The most remarkable figures are those for Jews, many of them refugees from Russian pogroms. By 1910 Hungary contained nearly a million Jews, Austria 1,300,000 Jews, the great majority of them living in the cities; and these figures did not include the very large numbers who had become Christians. Largely through the efforts of Jews, industry developed rapidly in some areas, for example around Vienna and in Bohemia. But most parts of the monarchy remained agricultural, and in the east, despite the abolition in 1848 of the peasants’ obligation to work for their lords, still virtually feudal.

During this age of peace Austria-Hungary, and especially Vienna, was the home of an unparalleled musical culture. Francis Joseph would not have been sympathetic to its modernist trends, but he presided over a system that tolerated them. Composers resident for long periods in the capital included Brahms, Bruckner, Mahler, Hugo Wolf, Richard Strauss, Schoenberg, Webern, and Alban Berg—as well as the lighter talents of Johann Strauss and Lehár. The Viennese School of painting, headed by Klimt and Schiele, if it hardly matched the achievements of the French Impressionists, made an impact of its own. Among the numerous Jewish intellectuals of Vienna were at least two men whose work has had a revolutionary effect on twentieth-century thinking, Freud and Wittgenstein. A third subject of Francis Joseph whose writings had comparable significance, Gregor Mendel, who made fundamental discoveries in genetics, was a monk and then the abbot of the chief monastery in Brno. In this astonishing period Catholics worked with Jews in the heartland of anti-Semitism, and the ancien régime provided patrons for the avant-garde.

As Francis Joseph grew older, his government was troubled by socialist, anti-Semitic, and nationalist agitations, for example in Bohemia, as well as by terrorism and by demonstrations that were sometimes violently suppressed. More and more critics and opponents vilified the Emperor’s rule for its repression, its censorship, its unfathomable bureaucracy, its hypocritical public morality, the sham of its parliamentary system, its perpetuation of an archaic social order, and its inconsistent attitudes to national minorities. But in the first decade of the twentieth century nearly all of Eastern Europe was still divided between four military empires, the Russian, German, Austrian, and Turkish, and of these the Austrian seemed by no means the weakest. Russia was defeated by the Japanese and experienced a revolution in 1905, and the Turkish empire was visibly breaking up, making possible Austria’s annexation of Bosnia in 1908.
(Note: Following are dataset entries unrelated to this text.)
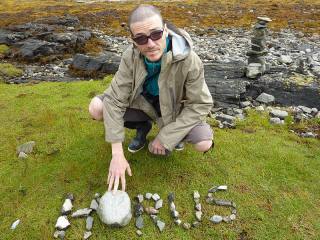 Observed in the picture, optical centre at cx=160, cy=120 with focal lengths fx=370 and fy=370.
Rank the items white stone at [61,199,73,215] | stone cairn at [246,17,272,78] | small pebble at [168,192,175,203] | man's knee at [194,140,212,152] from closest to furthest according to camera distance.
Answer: white stone at [61,199,73,215] < man's knee at [194,140,212,152] < small pebble at [168,192,175,203] < stone cairn at [246,17,272,78]

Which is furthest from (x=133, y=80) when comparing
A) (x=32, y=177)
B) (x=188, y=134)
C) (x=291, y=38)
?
(x=291, y=38)

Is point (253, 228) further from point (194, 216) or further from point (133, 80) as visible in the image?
point (133, 80)

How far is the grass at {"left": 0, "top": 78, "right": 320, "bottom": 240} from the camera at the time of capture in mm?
6754

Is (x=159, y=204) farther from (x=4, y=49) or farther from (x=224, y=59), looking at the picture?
(x=4, y=49)

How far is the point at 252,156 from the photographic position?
28.3ft

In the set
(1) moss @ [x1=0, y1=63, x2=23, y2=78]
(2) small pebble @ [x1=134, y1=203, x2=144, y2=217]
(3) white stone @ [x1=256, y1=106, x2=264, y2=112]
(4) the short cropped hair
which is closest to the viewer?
(4) the short cropped hair

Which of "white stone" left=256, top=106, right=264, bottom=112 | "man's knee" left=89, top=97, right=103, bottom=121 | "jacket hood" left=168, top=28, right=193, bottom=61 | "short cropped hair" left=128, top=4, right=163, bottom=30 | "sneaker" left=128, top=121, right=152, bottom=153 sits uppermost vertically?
"short cropped hair" left=128, top=4, right=163, bottom=30

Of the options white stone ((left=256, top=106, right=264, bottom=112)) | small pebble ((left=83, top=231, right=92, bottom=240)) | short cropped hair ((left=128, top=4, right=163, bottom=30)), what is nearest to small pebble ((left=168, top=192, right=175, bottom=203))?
small pebble ((left=83, top=231, right=92, bottom=240))

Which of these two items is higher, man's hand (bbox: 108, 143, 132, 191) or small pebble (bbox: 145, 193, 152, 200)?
man's hand (bbox: 108, 143, 132, 191)

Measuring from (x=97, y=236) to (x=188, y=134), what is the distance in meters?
2.52

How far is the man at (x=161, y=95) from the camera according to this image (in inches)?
251

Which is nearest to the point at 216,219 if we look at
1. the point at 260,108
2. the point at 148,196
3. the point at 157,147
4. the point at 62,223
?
the point at 148,196

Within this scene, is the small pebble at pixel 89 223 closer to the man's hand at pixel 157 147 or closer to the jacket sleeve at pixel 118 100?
the jacket sleeve at pixel 118 100

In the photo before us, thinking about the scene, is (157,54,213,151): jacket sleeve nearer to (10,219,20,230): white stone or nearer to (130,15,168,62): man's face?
(130,15,168,62): man's face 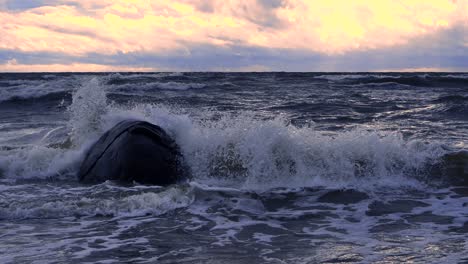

However, tensions in the Balkans were becoming increasingly difficult for the Great Powers to contain. In June 1914 Francis Joseph’s heir, Franz Ferdinand, visiting Sarajevo in the newly annexed province, was assassinated by a Serbian activist. Secure in the backing of its German ally, Austria sent an ultimatum to Serbia, peremptorily demanding that such terrorism be stamped out. As Dr. Radovan Karadzic recently told the press, “One drastic step leads to another drastic step.” Francis Joseph had approved the sending of the ultimatum, and the incident bears an uncanny resemblance to the blunder he had made in 1859 in precipitating the Italian war. But he was now eighty-four and failing, and the monarchy’s policy was no longer fully his. From that action followed the outbreak of the First World War, which led to the collapse of his Empire. As he remarked a few months later.

“My wars have always begun with victories only to finish in defeats. And this time it will be even worse and they will say of me, ‘He is old and cannot cope any longer.’ The revolutions will break out and it will be the end.”

When he at last died, late in 1916, his empire was already on the brink of ruin. Its armies had not proved large enough to face war on several fronts: they were badly led and inadequately equipped; hence they had suffered crippling defeats and appalling casualties. Its people were enduring terrible privations, since the agriculture of the Empire’s extensive territories was too backward to produce enough food for the whole population. In 1917 the Russian Revolution brought down the other great surviving ancien régime, and in 1918 Austria-Hungary virtually fell apart.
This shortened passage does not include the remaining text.